Extracted information:
┄┄┄┄┄┄┄┄┄┄┄┄┄┄┄┄┄┄┄┄
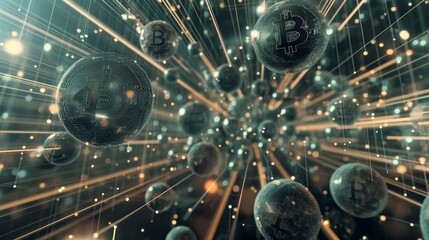 Bitcoin Symbol in Futuristic Digital Cyberspace - obrazy, fototapety, plakaty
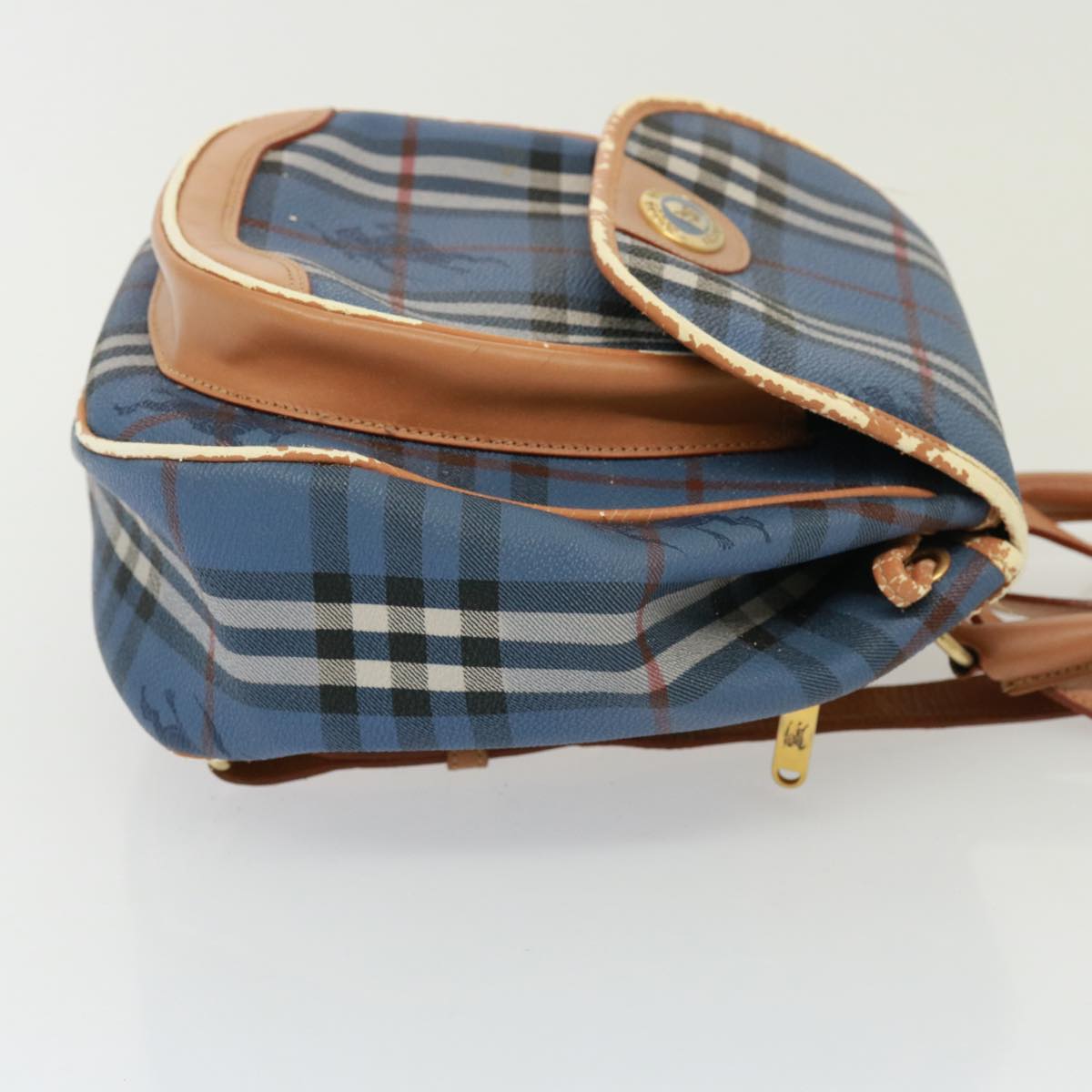Burberry Luxury ss Nova Check Shoulder Bag Pvc Auth Leather Blue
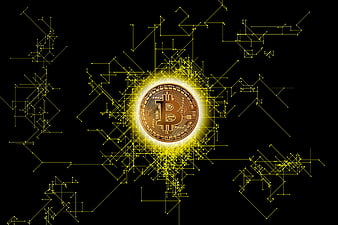 Bitcoin Coin With Digital Circuit Network On Black Background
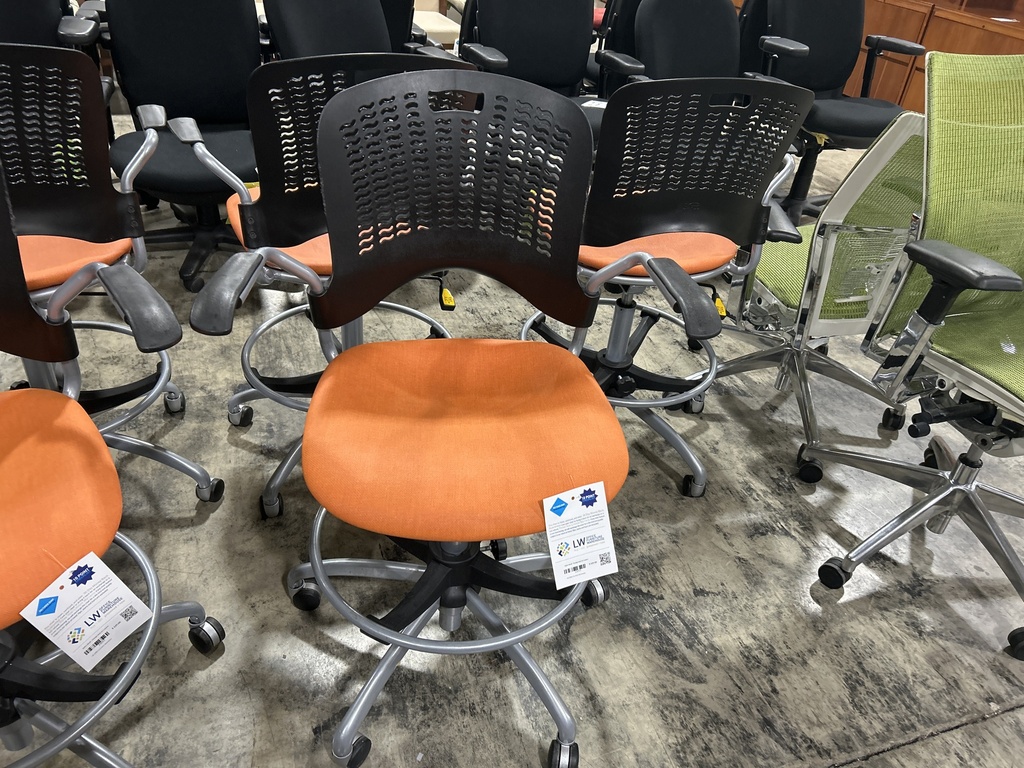 Safco Stool - Orange Seat on Casters 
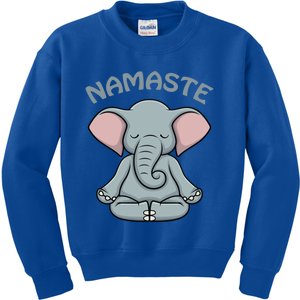 Elephant Yoga Funny Gift Funny Elephant Namaste Hatha Yoga Great Gift Kids Sweatshirt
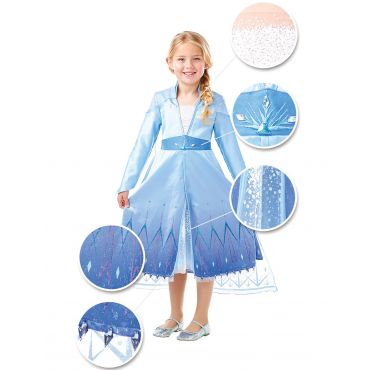 Frozen 2 Elsan Naamiaisasu Tytölle, Premium - Sininen - 3-4 vuotta (90-104 cm)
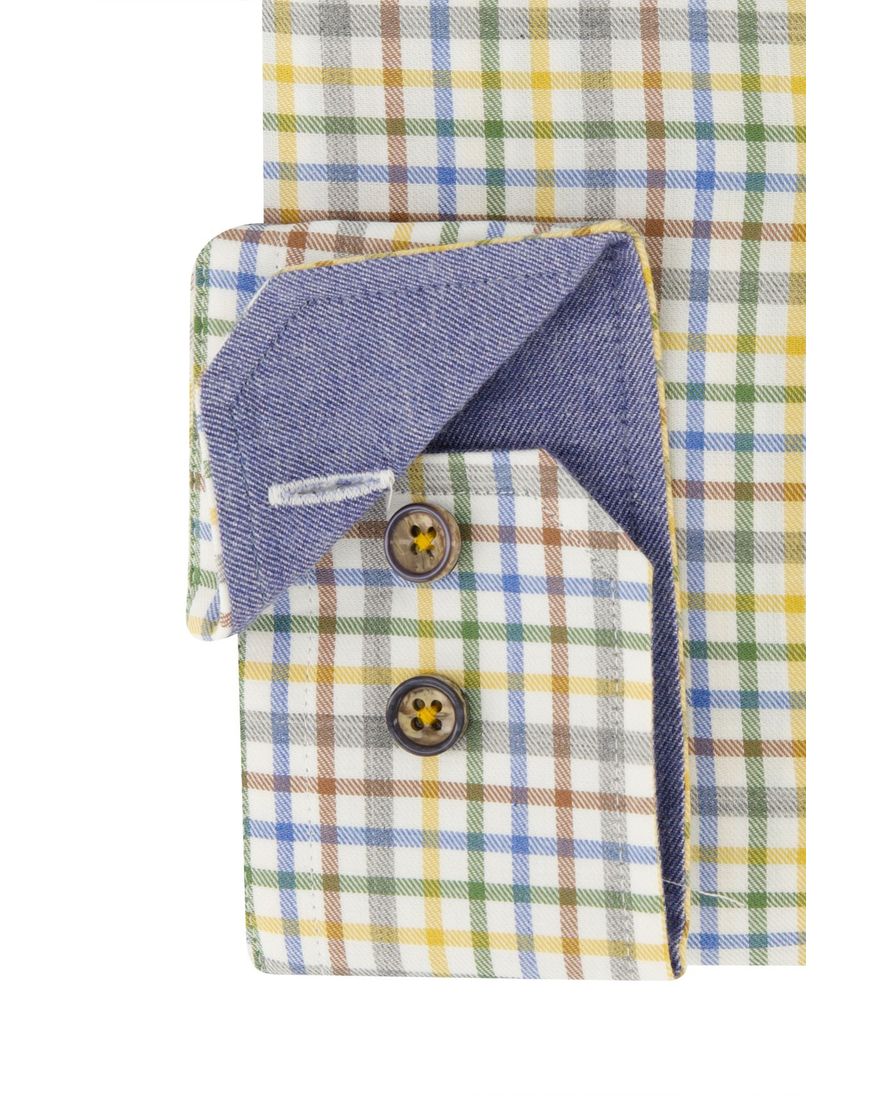 Overhemd Portofino casual wijde fit geel geruit katoen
┄┄┄┄┄┄┄┄┄┄┄┄┄┄┄┄┄┄┄┄
Your objective:
Restate word for word each line from the top of the listing down to and including the line that holds "Frozen 2 Elsan". Drop any pictures.

Response to the task:
 Bitcoin Symbol in Futuristic Digital Cyberspace - obrazy, fototapety, plakaty
Burberry Luxury ss Nova Check Shoulder Bag Pvc Auth Leather Blue
 Bitcoin Coin With Digital Circuit Network On Black Background
 Safco Stool - Orange Seat on Casters 
 Elephant Yoga Funny Gift Funny Elephant Namaste Hatha Yoga Great Gift Kids Sweatshirt
 Frozen 2 Elsan Naamiaisasu Tytölle, Premium - Sininen - 3-4 vuotta (90-104 cm)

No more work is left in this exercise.